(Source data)
---

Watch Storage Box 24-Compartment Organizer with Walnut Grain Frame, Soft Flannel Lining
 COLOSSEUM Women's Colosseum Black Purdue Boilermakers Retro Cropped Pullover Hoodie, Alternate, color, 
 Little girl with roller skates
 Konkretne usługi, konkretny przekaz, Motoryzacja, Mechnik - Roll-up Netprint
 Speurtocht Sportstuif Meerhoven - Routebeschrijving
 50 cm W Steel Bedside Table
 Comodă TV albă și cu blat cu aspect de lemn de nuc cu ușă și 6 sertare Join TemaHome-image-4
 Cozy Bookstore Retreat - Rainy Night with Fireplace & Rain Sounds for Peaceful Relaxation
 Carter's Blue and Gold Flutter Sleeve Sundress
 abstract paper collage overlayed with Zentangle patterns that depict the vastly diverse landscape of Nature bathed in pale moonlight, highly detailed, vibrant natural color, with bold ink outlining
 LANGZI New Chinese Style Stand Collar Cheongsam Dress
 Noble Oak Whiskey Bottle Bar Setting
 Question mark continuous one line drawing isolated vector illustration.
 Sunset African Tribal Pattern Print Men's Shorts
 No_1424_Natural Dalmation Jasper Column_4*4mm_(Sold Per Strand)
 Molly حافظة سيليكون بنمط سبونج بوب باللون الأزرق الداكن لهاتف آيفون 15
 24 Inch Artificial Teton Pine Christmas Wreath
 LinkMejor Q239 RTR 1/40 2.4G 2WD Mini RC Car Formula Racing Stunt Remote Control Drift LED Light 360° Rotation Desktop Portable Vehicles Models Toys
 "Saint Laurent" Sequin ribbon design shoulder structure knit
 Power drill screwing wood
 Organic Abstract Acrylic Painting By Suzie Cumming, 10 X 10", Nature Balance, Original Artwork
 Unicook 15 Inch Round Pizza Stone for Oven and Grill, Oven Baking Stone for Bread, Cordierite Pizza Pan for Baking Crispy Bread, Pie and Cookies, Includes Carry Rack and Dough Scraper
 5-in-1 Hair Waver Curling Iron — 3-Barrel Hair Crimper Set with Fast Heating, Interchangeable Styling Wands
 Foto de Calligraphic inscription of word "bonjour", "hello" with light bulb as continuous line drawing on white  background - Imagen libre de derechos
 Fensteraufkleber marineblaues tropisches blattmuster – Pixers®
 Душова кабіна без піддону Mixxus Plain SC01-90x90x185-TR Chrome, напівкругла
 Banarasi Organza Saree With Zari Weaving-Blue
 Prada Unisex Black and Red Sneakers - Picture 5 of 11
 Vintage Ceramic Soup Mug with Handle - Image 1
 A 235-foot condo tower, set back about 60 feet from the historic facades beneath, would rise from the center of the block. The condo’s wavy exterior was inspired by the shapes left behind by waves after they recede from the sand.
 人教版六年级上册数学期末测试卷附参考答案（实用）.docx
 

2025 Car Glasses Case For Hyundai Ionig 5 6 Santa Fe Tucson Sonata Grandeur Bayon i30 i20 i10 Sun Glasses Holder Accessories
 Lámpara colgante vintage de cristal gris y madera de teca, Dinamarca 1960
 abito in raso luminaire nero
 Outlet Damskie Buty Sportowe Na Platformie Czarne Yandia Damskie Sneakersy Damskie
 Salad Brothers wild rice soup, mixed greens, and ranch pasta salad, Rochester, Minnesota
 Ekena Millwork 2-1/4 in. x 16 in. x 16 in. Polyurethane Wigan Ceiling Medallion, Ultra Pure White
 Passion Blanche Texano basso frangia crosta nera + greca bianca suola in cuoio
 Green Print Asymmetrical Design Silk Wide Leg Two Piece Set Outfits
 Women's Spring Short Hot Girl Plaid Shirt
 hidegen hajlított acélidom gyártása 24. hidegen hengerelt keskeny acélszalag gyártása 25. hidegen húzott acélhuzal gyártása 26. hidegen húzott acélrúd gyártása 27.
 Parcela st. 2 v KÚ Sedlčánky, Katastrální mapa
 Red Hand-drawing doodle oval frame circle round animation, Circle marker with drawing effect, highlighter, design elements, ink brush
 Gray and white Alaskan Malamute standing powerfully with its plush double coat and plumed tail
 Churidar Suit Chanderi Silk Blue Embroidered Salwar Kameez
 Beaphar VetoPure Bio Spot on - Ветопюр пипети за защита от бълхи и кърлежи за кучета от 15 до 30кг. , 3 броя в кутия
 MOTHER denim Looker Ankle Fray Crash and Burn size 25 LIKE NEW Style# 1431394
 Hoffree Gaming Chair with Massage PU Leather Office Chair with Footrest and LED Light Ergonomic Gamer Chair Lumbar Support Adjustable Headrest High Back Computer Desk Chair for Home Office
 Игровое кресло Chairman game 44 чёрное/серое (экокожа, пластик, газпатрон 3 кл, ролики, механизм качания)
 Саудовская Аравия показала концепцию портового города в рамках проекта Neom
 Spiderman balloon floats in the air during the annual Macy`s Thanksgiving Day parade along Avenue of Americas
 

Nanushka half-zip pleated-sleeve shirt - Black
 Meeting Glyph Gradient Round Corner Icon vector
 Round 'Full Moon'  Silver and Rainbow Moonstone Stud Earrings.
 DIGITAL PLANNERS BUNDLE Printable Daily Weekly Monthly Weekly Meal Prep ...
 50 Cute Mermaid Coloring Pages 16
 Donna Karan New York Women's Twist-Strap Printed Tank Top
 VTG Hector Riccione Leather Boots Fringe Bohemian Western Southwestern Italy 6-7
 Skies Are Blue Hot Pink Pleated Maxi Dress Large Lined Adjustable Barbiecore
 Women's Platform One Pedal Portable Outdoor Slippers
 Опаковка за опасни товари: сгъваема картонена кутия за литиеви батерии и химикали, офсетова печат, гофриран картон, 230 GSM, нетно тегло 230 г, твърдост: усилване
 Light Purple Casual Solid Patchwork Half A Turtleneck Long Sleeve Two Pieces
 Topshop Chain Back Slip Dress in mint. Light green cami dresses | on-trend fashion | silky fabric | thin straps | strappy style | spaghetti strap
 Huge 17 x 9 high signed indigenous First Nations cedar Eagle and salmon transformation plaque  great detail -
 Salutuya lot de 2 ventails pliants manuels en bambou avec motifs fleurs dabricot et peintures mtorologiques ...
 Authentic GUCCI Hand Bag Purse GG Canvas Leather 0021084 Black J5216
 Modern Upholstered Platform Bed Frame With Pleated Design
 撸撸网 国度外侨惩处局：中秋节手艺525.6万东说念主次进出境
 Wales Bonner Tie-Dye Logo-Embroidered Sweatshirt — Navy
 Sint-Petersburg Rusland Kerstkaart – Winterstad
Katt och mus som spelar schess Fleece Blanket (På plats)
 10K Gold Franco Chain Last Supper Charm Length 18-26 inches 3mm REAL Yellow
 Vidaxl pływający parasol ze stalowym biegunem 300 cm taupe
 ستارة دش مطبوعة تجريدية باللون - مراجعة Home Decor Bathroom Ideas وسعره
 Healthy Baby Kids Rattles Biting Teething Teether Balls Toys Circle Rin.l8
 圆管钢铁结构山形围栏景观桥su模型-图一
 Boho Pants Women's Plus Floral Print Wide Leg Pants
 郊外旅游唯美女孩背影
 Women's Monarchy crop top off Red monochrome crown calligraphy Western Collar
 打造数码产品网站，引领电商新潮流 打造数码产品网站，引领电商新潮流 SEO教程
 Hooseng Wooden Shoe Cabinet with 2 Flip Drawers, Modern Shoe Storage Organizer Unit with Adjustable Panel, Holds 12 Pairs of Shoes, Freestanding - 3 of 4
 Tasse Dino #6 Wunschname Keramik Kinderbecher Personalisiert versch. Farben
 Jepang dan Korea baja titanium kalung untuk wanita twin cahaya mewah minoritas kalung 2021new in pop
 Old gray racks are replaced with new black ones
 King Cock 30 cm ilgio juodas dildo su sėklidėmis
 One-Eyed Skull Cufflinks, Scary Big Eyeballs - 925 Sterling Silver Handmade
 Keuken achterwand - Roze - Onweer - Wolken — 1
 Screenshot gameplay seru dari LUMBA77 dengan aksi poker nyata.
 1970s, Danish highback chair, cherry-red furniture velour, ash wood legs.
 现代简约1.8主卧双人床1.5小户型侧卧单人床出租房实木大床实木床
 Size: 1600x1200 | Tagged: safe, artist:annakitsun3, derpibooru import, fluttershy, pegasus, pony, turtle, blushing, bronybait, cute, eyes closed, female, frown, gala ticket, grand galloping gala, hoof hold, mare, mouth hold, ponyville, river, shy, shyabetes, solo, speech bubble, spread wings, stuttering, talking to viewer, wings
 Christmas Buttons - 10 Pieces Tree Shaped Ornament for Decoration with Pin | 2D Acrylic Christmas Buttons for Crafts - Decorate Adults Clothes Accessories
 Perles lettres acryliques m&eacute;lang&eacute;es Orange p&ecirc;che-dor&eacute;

---

_YOUR INSTRUCTIONS_
The line above containing "Gray and white", the line containing "Nanushka half-zip pleated-sleeve", and every line between them are to be transcribed exactly; no other line is wanted.

_EXPECTED ANSWER_
 Gray and white Alaskan Malamute standing powerfully with its plush double coat and plumed tail
 Churidar Suit Chanderi Silk Blue Embroidered Salwar Kameez
 Beaphar VetoPure Bio Spot on - Ветопюр пипети за защита от бълхи и кърлежи за кучета от 15 до 30кг. , 3 броя в кутия
 MOTHER denim Looker Ankle Fray Crash and Burn size 25 LIKE NEW Style# 1431394
 Hoffree Gaming Chair with Massage PU Leather Office Chair with Footrest and LED Light Ergonomic Gamer Chair Lumbar Support Adjustable Headrest High Back Computer Desk Chair for Home Office
 Игровое кресло Chairman game 44 чёрное/серое (экокожа, пластик, газпатрон 3 кл, ролики, механизм качания)
 Саудовская Аравия показала концепцию портового города в рамках проекта Neom
 Spiderman balloon floats in the air during the annual Macy`s Thanksgiving Day parade along Avenue of Americas
 

Nanushka half-zip pleated-sleeve shirt - Black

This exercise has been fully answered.